Since the beginning of the year, by setting forth economic indexes like sales at department stores and the amount of money used on credit cards, the government has spread the anticipation that the Korea economy will soon recover.
It was told that Minister Lee and Governor Park presented a prudent view to soothe the anticipation of the people, who are overly aroused.
In a press interview on February 15, Minister Lee said, Although domestic demand is starting to recover, its hard to say that the whole Korean economy is going to recover, since the construction business is still frozen.
Then, he added, In order for more jobs to be created, the construction business should recover, and the created jobs will hasten the recovery of demand. Yet, this circulation has not happened.
Minister Lee is saying that more time is required to judge whether this recovery of domestic demand is a momentary happening or a sign of Korean economic recovery.

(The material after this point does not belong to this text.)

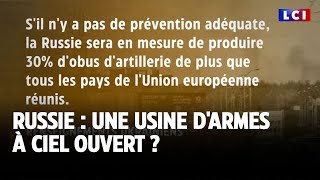 Russie : une usine d&#39;armes à ciel ouvert ?｜LCI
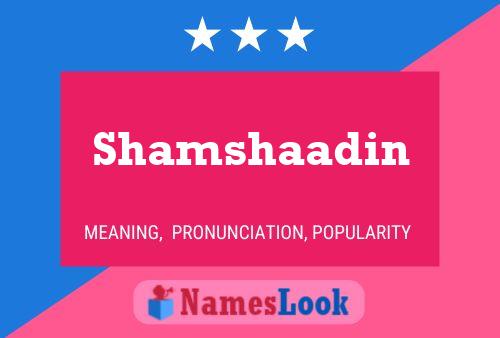 Affiche de nom Shamshaadin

To a question asked during an interpellation session on the economy, Lee answered, Although there are several signs that the economy is recovering, it yet requires prudence.
Lee also said, It seems like that the economy is recovering through its self-surviving power created by not practicing artificial policies to boost the economy.
Also, during a press interview held after a meeting of the Monetary Policy Committee, Park said, Although several indexes show better economic conditions, judgment on whether its momentary or continuous can only be made in March or April at the earliest.
Park also said, Overall, its more of an upward trend than downward. Although its not spring yet, it seems that the most intense cold has passed.
Nongovernmental experts also pointed out that to continue this upward trend of Korean economic recovery, careful political support is required rather than too much optimism.
Meanwhile, the Monetary Policy Committee has decided to keep the call rate at the current level, 3.25 percent..
The call rate, which had dropped from 3.50 percent to 3.25 percent last November, has kept its current level for three straight months.